Reproduce the records. Keep every word exact and include no images.

(Items from a data source)
- - -

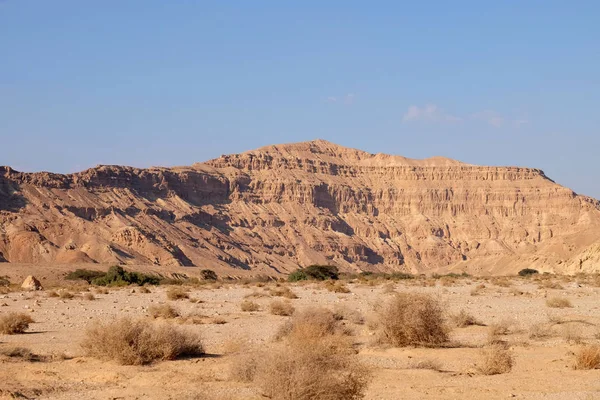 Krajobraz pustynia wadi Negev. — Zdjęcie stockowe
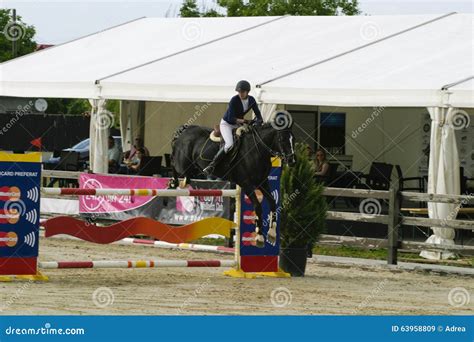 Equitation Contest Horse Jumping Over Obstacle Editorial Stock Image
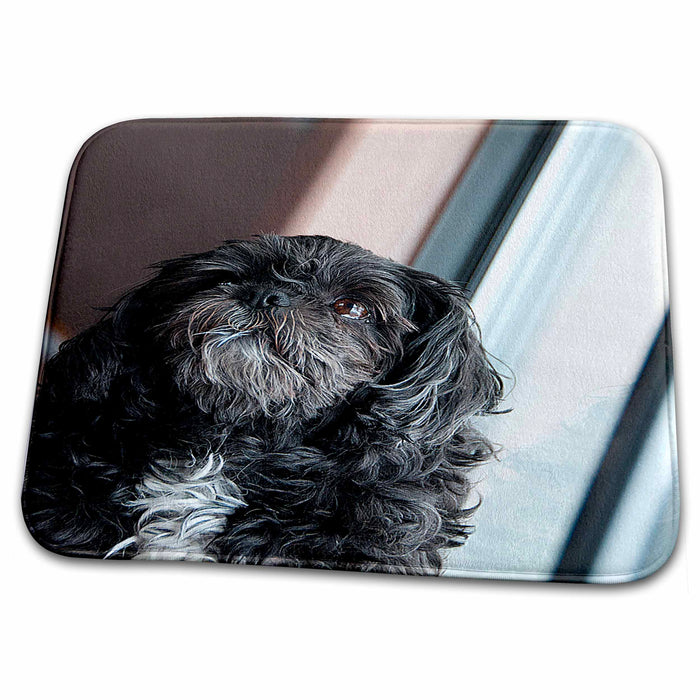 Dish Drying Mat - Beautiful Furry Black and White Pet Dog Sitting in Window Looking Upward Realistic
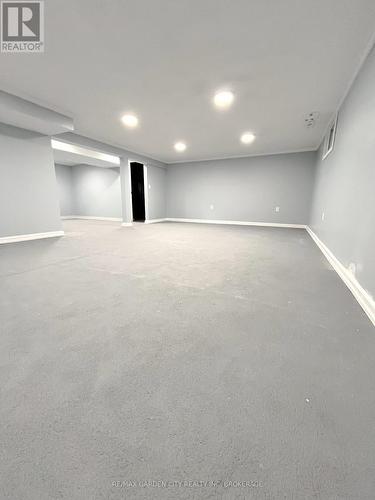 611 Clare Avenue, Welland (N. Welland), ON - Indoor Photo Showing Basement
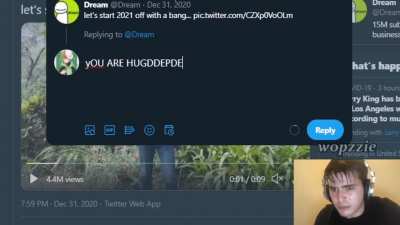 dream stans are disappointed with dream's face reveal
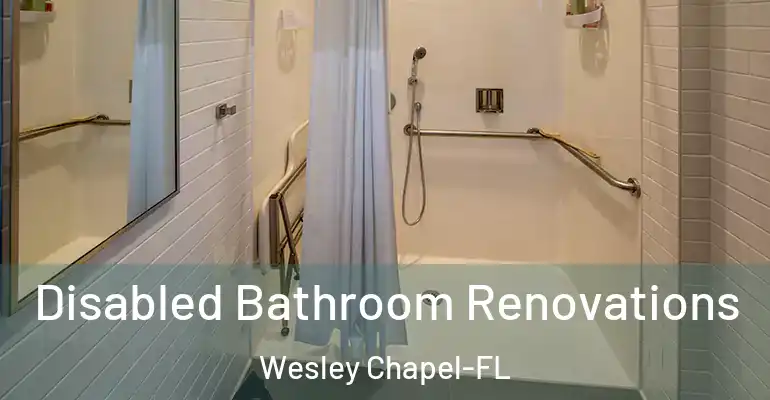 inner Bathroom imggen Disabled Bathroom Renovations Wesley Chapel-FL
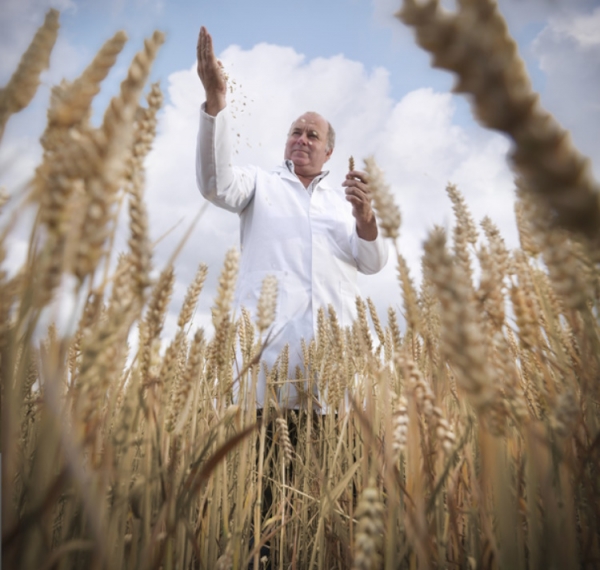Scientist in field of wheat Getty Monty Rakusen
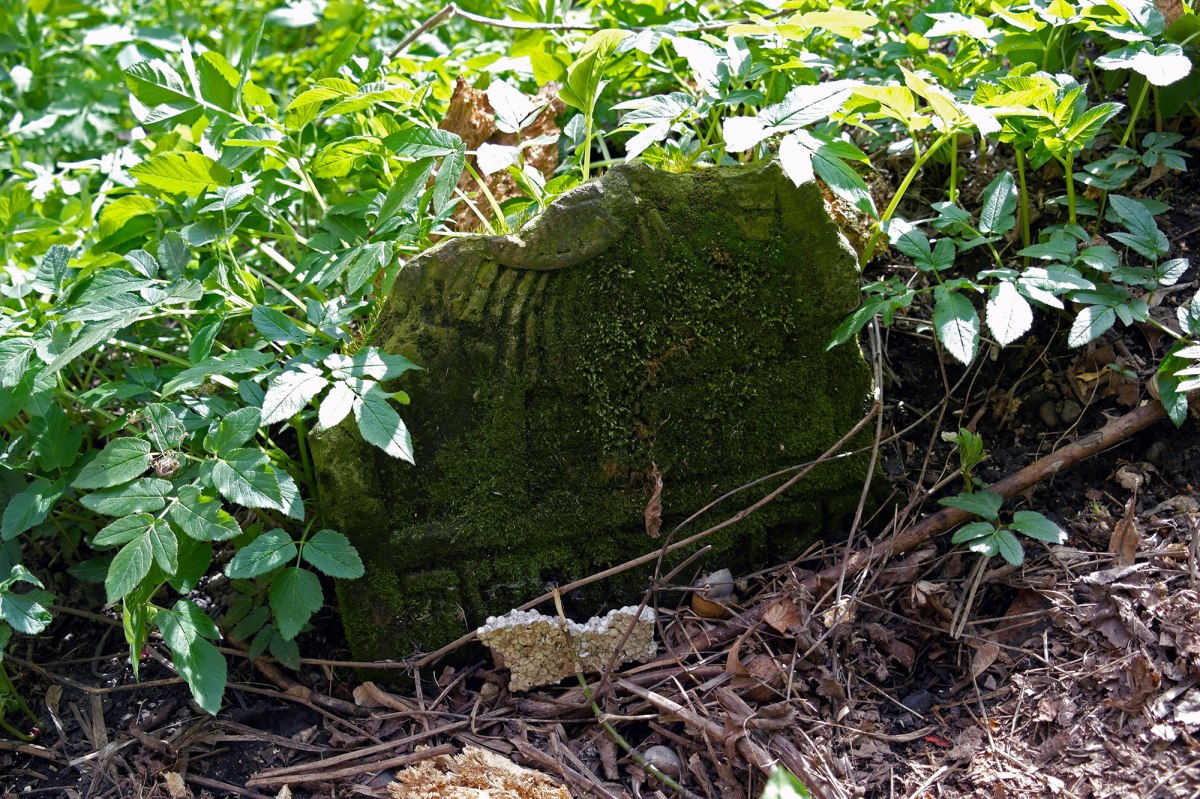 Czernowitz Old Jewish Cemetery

- - -

__Solution to this task__
 Krajobraz pustynia wadi Negev. — Zdjęcie stockowe
 Equitation Contest Horse Jumping Over Obstacle Editorial Stock Image
 Dish Drying Mat - Beautiful Furry Black and White Pet Dog Sitting in Window Looking Upward Realistic
 611 Clare Avenue, Welland (N. Welland), ON - Indoor Photo Showing Basement
 dream stans are disappointed with dream's face reveal
 inner Bathroom imggen Disabled Bathroom Renovations Wesley Chapel-FL
Scientist in field of wheat Getty Monty Rakusen
 Czernowitz Old Jewish Cemetery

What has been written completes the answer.